British intelligence made chocolate bars that looked totally normal but had bombs hidden inside. The chocolate coating was real, but underneath was a steel case full of explosives.
Breaking off a piece would set off the bomb. The Nazis found out about these before anyone got poisoned, but it made German officers super paranoid about eating anything they didn’t prepare themselves.
The psychological warfare might have been worth more than the actual explosions.
Foxer noisemakers

Allied ships dragged noisy underwater devices behind them to trick German torpedoes. The torpedoes were hunted by sound, so these decoys made the same noise as ship engines and drew the weapons away.
It worked pretty well and saved a lot of ships.
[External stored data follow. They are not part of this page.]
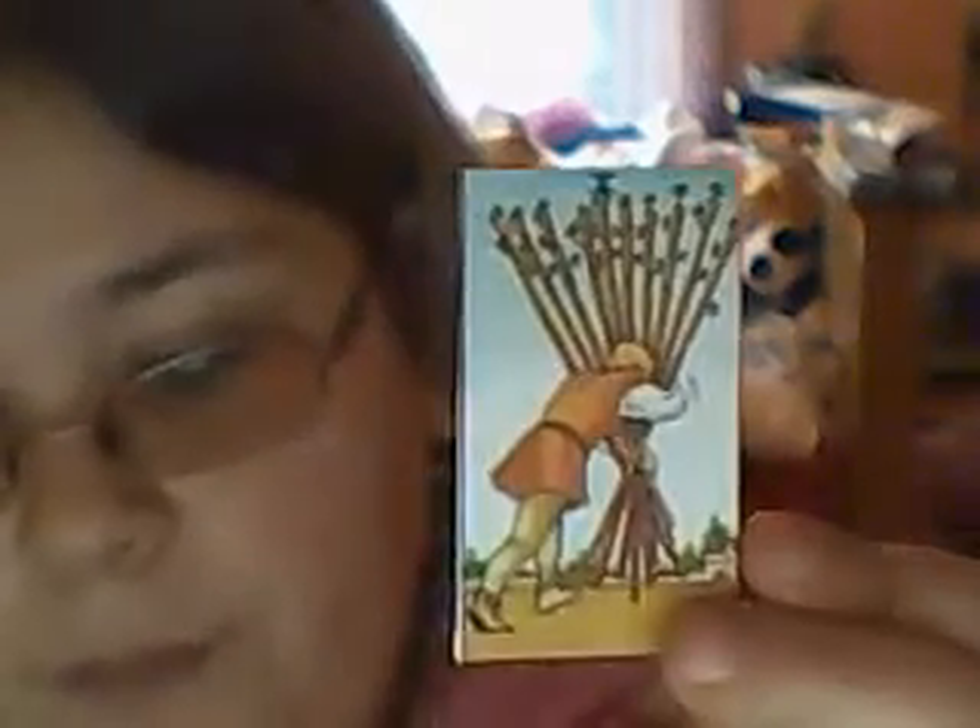It's funny because these being the Rider Waite ones, I didn't feel any connection to them whatsoever. Like I didn't like them at all really. But when I saw that I could make my own, they suddenly look so much more appealing to me, and I'm appreciating them more. I think that's a good thing.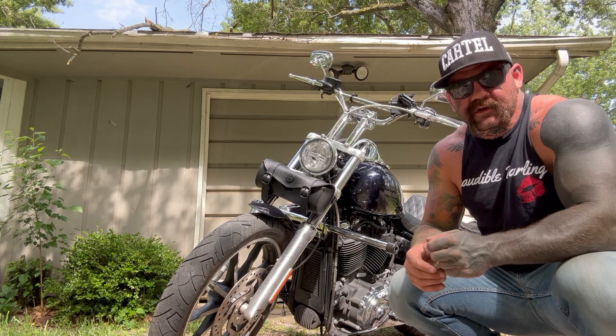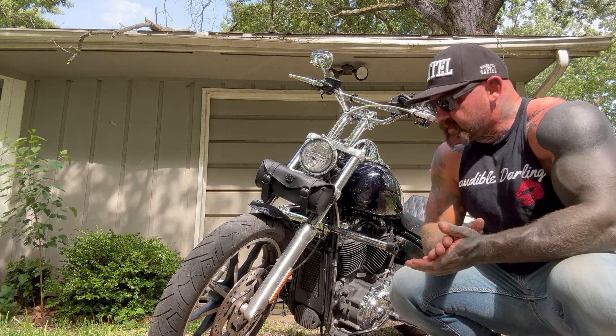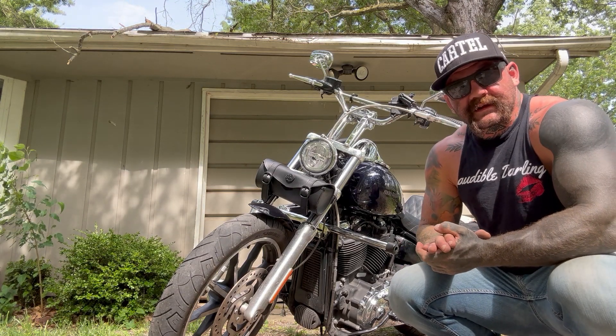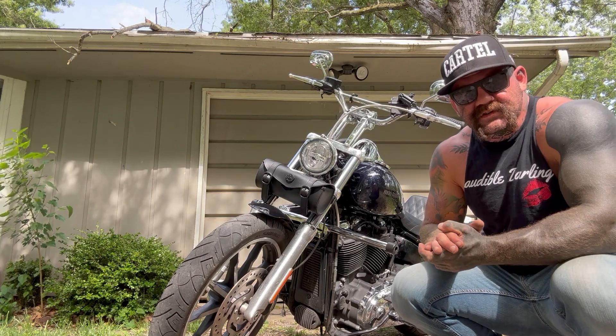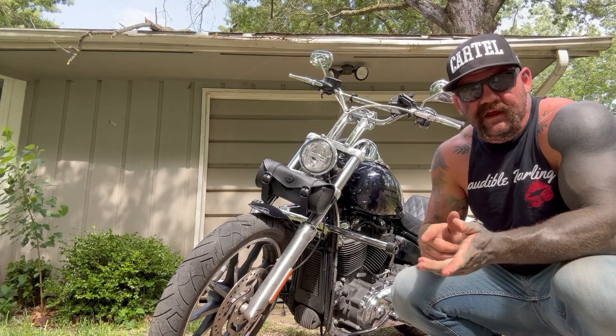It's a great bag. Currently with the coupon it's $59.99 on the website. Definitely get you one of those if you need some storage on the front of your motorcycle. Next up, we're going to go over the Digilock Swing Arm Bag, so I'm going to move the camera and show you guys that bag and how to put that on the bike.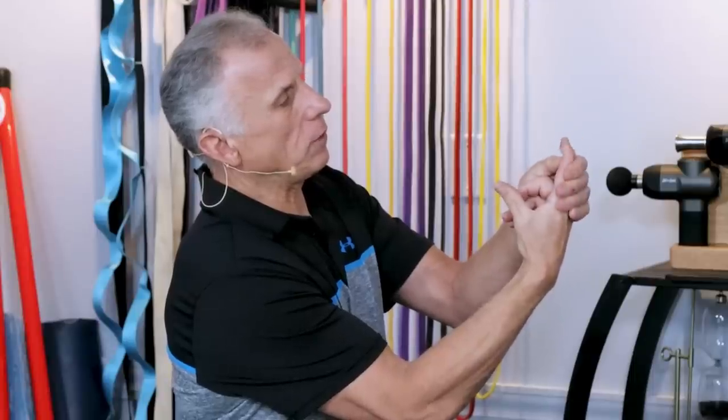The distal joint — we call that the DIP. We have a lot of abbreviations and weird terms in the therapy world. And then go down to the knuckle joint — MCP, metacarpal phalange. So I'm blocking here with the thumb. The thumb really works well. You can give it a little assistance there. Do the same technique for each digit, for each finger.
Eventually Germany made smarter torpedoes that could tell the difference, and then the Allies had to come up with something new.
Fog investigation dispersal operation

British engineers set massive fires alongside runways to burn off fog so planes could land safely. They installed miles of pipes that sprayed out fuel and lit it on fire, creating enough heat to evaporate the fog.
It used an insane amount of fuel, but when you have bomber crews circling overhead with nowhere to land and their fuel running low, cost does not matter. The system called FIDO helped thousands of planes land when they otherwise would have crashed.
Bee bomb detectors

American scientists tried to train bees to sniff out explosives by giving them sugar water every time they flew near TNT. The thinking was that bees could learn to associate bombs with food and would swarm around hidden explosives.
It sort of worked in the lab where everything was controlled, but outside with wind and other smells, the bees were completely useless. The military gave up on insect detectives until technology got way better decades later.
Germany’s rocket program

The V-2 rocket was the first real ballistic missile and it terrified people in London and other cities. These things flew faster than sound, so you could not hear them coming.
They killed thousands of people, but they arrived too late in the war to actually change anything.
When desperation meets creativity

War makes people try things they would never consider during peacetime. Some of these experiments like the bouncing bomb and trained sea lions actually changed military technology forever.
Others like the ice aircraft carrier and pigeon missiles ate up millions of dollars and never worked at all.